An innovative modular technology platform
Our technology platform has enabled us to develop multiple new small molecule drug conjugates (SMDCs) for a range of disease indications. Each SMDC is comprised of three modules: a targeting ligand, a spacer/linker, and a drug payload. Our companion imaging agents employ the same targeting ligand and modular structure as our SMDCs, replacing the drug payload with an imaging agent.
Targeting ligand—Our high-affinity, small molecule ligands bind to receptors expressed on target cells. We are developing a number of targeting ligands to address a broad range of cancers.
Spacer/linker system—Our proprietary spacer/linker systems attach the targeting ligand to the drug payload or imaging agent. These systems are designed to be stable in the bloodstream and to release the active drug from the targeting ligand when the SMDC is taken up by the diseased cell through endocytosis. The spacer/linker system can be customized for each SMDC and each companion imaging agent to improve its pharmacologic properties.
Drug payload—This module is the biologically active component of our SMDCs. The majority of our drug payloads are highly active molecules that are too toxic to be administered in their untargeted forms at therapeutic dose levels. We are using drug payloads in our SMDCs that were shown in our in vitro preclinical studies to be thousands of times more active than traditional cancer cell-killing drugs, such as cisplatin.
The potential and versatility of SMDCs
With our modular approach, we use a variety of different targeting ligands, linker systems, and drug payloads to create a pipeline of novel SMDC candidates for clinical development. For example, in addition to folate-targeting, our prostate-specific membrane antigen (PSMA)-targeting technology uses a targeting ligand that specifically binds to a receptor expressed on the surface of prostate cancer cells.

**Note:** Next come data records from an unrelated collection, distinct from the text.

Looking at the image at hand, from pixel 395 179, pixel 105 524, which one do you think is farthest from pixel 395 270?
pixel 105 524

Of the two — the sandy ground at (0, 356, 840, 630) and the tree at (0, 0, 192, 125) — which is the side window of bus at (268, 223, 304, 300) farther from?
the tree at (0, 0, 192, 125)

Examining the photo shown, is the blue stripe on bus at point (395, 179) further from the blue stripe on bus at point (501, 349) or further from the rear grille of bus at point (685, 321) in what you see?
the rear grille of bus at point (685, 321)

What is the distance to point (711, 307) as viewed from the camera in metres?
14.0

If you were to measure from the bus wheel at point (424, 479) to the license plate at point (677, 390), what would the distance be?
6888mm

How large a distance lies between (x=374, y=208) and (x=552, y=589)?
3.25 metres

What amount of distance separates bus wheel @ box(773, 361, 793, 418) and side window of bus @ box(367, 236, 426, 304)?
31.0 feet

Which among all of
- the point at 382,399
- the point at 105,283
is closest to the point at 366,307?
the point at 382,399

A variety of spacer/linker systems perform specific functions
We have developed alternative spacer/linker systems that modulate the pharmacologic and biodistribution properties of our SMDCs. In addition, we have developed a spacer/linker system that allows us to conjugate multiple drug payloads to a single targeting ligand, thus offering the potential to simultaneously disrupt multiple pathways within cancer cells, forming a novel strategy for addressing drug resistance.
Being studied with a range of drug classes
We can attach a wide variety of different drug payloads to our targeting ligands to address different cancer indications. For example, we have SMDCs in preclinical development that incorporate proven anti-cancer drug classes, such as microtubule destabilizers, DNA alkylators, proteasome inhibitors, mTOR inhibitors, and various inhibitors of key intracellular enzymes.

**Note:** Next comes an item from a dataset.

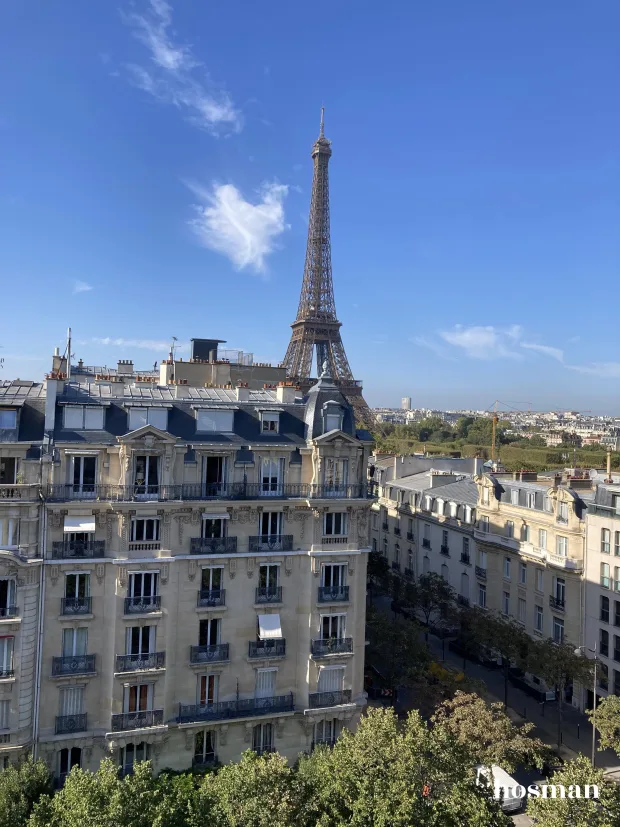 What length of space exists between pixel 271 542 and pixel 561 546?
19.5m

Maximizing the effect of each component
We design our targeted drugs in modular fashion from three distinct modules. The targeting ligand is attached to a spacer/linker that contains a cleavable bond connecting the linker to the drug.
The ligand is selected to be as high in affinity for its receptor as possible. We spend considerable effort designing the ligand so that its affinity is at least 10 nanomolar or greater.

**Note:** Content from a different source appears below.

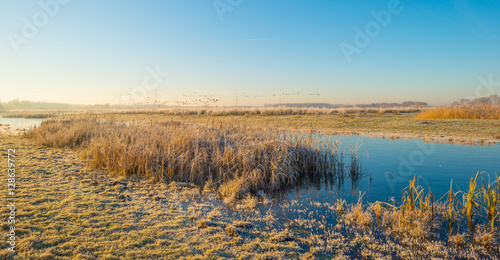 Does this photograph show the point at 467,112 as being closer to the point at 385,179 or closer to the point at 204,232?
the point at 385,179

The cleavable bond is designed so that when it is broken, it releases the drug in its totally unmodified, most active form. It is also designed so that it is only cleaved following endocytosis in the diseased cell, thereby reducing the amount of free drug in circulation. Most of the drugs that we incorporate into our SMDCs are highly hydrophobic and would penetrate all cells indiscriminately and bind the serum proteins avidly if they were not targeted. We design our conjugates with spacer/linker systems that are highly hydrophilic, with the goal of preventing these undesirable processes from occurring.
Finally, because many receptors are present in low numbers, we design the therapeutic component to be as potent as possible. We’ve modified existing drugs to improve their potencies and increase the likelihood of killing the targeted malignant cell.